# Fire worry, might be urgent, but hopefully not



## Budgiecat2 (Aug 6, 2020)

So there are severe wildfires near where I live. We are currently not in the evacuation zone but there’s still a small possibility that we could be. If so I have three budgies, two females and a old male. They are in separate cages. If I have the need to evacuate, should I all put them into the same carrying cage? 
Thank you


----------



## StarlingWings (Mar 15, 2013)

You don’t happen to live in Colorado, do you? 🤭 I’m from the same area where the fires are burning there right now and my family says it’s pretty serious. 

Is there a reason all birds are separated (i.e due to not getting along, fighting)? If not, and assuming none of them are in quarantine, if you have to evacuate quickly, one carrying cage is fine. If they don’t get along or it could be worse to have them together, then separate cages may have to be the answer. However this also depends on how much time you have after they tell you to evacuate, in the case that this unfortunate event happens. 

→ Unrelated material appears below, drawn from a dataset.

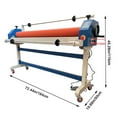 thumbnail image 2 of 63 inch Electric/Manual Cold Laminating Machine Wide Format Cold Roll Laminator with Film Release Rod, 2 of 9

I’m hoping you don’t have to do so!! In the end the first priority is getting everyone out as fast and as safely as possible regardless of the arrangement.


----------



## Cody (Sep 5, 2013)

I saw the fires in Colorado on the news, how frightening! Hopefully you will not have to leave but I would have things ready just in case so you don't have to scramble around last minute.


----------



## Budgiecat2 (Aug 6, 2020)

Yep, Colorado. Hopefully it’s dying down now. Ya just wondering, in case the worst happens I want to be prepared.


----------



## StarlingWings (Mar 15, 2013)

Stay safe 💜 I hope the fires are subdued quickly.


----------



## BudgieFan16 (Sep 25, 2021)

In an emergency, you go to do what you got to do. As Cody says, prep before hand to save time later.


----------



## wmcburke (Sep 30, 2021)

The reports from Colorado continue to be terrifying. Stay safe and do check in when you can.


----------



## Budgiecat2 (Aug 6, 2020)

Just a update, we are fine, the fire didn’t spread to our house


----------



## FaeryBee (May 9, 2011)

*Thank you for the update! I'm glad you are all safe.*


----------